■ **RECORDED INFORMATION**:
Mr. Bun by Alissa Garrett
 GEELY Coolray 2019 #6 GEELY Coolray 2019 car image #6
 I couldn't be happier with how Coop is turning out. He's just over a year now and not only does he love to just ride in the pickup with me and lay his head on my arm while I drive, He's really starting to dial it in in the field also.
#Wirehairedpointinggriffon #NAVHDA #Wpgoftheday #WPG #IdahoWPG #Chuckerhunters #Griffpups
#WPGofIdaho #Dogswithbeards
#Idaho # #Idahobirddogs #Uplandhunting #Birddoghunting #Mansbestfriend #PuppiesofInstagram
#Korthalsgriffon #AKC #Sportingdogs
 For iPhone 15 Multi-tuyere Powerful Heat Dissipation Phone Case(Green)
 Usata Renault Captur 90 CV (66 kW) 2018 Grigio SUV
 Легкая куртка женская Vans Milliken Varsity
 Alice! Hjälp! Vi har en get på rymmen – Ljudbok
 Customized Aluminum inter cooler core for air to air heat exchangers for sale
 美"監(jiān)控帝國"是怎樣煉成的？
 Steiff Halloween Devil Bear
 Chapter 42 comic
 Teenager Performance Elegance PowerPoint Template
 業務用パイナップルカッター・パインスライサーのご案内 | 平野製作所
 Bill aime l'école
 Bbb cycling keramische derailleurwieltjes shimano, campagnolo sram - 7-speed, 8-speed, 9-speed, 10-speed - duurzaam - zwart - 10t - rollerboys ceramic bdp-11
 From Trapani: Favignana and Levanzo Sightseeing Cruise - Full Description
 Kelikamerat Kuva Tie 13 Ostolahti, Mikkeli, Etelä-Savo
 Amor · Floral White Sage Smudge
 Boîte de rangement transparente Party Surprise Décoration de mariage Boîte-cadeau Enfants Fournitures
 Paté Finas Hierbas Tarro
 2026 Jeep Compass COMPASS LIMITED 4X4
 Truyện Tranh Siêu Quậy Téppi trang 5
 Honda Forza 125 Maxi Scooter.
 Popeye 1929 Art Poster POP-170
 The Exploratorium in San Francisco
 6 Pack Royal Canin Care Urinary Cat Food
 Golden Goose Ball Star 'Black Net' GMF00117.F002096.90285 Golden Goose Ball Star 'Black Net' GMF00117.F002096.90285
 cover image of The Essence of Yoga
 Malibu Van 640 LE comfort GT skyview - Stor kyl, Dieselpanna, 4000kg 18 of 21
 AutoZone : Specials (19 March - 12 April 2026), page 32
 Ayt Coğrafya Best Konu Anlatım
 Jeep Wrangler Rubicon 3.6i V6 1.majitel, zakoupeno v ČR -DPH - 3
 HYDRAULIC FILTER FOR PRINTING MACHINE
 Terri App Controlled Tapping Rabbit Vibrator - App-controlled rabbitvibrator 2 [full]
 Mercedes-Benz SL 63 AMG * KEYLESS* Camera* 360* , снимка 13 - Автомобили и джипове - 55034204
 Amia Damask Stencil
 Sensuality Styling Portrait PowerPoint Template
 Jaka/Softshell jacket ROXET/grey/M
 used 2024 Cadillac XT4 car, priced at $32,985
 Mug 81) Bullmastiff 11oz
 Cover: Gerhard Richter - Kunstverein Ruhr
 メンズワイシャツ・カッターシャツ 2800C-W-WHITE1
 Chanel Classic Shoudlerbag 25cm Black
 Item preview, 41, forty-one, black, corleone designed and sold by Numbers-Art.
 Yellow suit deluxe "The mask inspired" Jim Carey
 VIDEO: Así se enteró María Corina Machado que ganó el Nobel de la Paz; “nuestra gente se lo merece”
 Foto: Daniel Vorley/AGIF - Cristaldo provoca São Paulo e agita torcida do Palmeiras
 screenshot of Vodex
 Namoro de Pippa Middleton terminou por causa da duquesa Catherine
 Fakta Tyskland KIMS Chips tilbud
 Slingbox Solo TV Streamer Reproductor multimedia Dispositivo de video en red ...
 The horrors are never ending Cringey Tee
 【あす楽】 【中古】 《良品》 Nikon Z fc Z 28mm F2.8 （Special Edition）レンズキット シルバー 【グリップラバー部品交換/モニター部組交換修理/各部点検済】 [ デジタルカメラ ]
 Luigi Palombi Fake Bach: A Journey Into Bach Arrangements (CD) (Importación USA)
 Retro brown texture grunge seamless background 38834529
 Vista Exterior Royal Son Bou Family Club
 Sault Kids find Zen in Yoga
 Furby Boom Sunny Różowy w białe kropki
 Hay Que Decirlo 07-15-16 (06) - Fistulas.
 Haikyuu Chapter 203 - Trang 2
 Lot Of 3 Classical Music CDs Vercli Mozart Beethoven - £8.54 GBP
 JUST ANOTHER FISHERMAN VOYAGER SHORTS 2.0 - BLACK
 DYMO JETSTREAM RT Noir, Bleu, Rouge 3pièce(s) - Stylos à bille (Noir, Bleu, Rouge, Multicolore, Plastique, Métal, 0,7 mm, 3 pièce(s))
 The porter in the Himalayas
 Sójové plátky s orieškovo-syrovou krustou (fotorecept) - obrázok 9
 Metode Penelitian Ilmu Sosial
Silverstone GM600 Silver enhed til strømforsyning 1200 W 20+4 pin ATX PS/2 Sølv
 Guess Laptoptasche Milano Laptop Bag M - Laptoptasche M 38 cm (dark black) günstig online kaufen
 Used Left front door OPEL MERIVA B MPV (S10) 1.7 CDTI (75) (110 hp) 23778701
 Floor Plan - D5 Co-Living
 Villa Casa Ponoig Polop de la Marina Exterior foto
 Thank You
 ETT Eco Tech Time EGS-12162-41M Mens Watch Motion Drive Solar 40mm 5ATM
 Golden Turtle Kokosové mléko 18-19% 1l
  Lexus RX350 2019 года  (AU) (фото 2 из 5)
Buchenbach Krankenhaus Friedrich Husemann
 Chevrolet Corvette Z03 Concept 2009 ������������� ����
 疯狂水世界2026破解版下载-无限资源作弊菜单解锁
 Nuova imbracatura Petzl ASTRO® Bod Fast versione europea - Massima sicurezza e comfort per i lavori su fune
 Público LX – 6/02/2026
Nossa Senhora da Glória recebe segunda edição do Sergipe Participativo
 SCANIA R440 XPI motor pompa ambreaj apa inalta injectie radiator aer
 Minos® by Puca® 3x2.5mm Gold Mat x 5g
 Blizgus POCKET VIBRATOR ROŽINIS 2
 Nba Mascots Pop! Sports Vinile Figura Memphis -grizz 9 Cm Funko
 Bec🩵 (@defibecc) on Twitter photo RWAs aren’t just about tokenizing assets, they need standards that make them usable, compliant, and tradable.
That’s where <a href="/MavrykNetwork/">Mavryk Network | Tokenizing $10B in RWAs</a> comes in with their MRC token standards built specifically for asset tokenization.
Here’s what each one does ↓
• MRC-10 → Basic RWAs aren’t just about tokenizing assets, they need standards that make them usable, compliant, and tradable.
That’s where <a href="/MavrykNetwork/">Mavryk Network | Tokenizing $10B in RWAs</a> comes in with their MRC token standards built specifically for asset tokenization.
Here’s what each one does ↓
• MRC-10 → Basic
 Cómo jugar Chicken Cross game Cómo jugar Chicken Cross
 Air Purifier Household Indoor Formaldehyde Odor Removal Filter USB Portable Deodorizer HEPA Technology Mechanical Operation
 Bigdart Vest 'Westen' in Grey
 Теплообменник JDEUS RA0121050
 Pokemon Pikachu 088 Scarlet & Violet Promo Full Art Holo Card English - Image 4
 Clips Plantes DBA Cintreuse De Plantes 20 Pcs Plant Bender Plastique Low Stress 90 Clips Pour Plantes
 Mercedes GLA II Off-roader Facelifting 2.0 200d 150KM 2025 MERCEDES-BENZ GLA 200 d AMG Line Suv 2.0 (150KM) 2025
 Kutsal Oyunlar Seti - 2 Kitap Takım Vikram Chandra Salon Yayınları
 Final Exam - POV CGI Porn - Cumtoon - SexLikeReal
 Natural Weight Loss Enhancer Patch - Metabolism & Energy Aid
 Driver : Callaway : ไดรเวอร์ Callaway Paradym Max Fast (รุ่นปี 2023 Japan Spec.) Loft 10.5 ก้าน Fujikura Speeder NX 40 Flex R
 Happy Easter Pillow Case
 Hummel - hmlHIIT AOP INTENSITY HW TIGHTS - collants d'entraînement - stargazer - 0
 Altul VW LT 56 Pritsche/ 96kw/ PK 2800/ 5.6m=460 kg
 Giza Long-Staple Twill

■ **WHAT TO DO**:
From the entries above, print the lines beginning at the one with "業務用パイナップルカッター・パインスライサーのご案内 | 平野製作所" and stopping after the one with "Yellow suit deluxe", exactly as written and with nothing else.

■ **TASK RESULT**:
 業務用パイナップルカッター・パインスライサーのご案内 | 平野製作所
 Bill aime l'école
 Bbb cycling keramische derailleurwieltjes shimano, campagnolo sram - 7-speed, 8-speed, 9-speed, 10-speed - duurzaam - zwart - 10t - rollerboys ceramic bdp-11
 From Trapani: Favignana and Levanzo Sightseeing Cruise - Full Description
 Kelikamerat Kuva Tie 13 Ostolahti, Mikkeli, Etelä-Savo
 Amor · Floral White Sage Smudge
 Boîte de rangement transparente Party Surprise Décoration de mariage Boîte-cadeau Enfants Fournitures
 Paté Finas Hierbas Tarro
 2026 Jeep Compass COMPASS LIMITED 4X4
 Truyện Tranh Siêu Quậy Téppi trang 5
 Honda Forza 125 Maxi Scooter.
 Popeye 1929 Art Poster POP-170
 The Exploratorium in San Francisco
 6 Pack Royal Canin Care Urinary Cat Food
 Golden Goose Ball Star 'Black Net' GMF00117.F002096.90285 Golden Goose Ball Star 'Black Net' GMF00117.F002096.90285
 cover image of The Essence of Yoga
 Malibu Van 640 LE comfort GT skyview - Stor kyl, Dieselpanna, 4000kg 18 of 21
 AutoZone : Specials (19 March - 12 April 2026), page 32
 Ayt Coğrafya Best Konu Anlatım
 Jeep Wrangler Rubicon 3.6i V6 1.majitel, zakoupeno v ČR -DPH - 3
 HYDRAULIC FILTER FOR PRINTING MACHINE
 Terri App Controlled Tapping Rabbit Vibrator - App-controlled rabbitvibrator 2 [full]
 Mercedes-Benz SL 63 AMG * KEYLESS* Camera* 360* , снимка 13 - Автомобили и джипове - 55034204
 Amia Damask Stencil
 Sensuality Styling Portrait PowerPoint Template
 Jaka/Softshell jacket ROXET/grey/M
 used 2024 Cadillac XT4 car, priced at $32,985
 Mug 81) Bullmastiff 11oz
 Cover: Gerhard Richter - Kunstverein Ruhr
 メンズワイシャツ・カッターシャツ 2800C-W-WHITE1
 Chanel Classic Shoudlerbag 25cm Black
 Item preview, 41, forty-one, black, corleone designed and sold by Numbers-Art.
 Yellow suit deluxe "The mask inspired" Jim Carey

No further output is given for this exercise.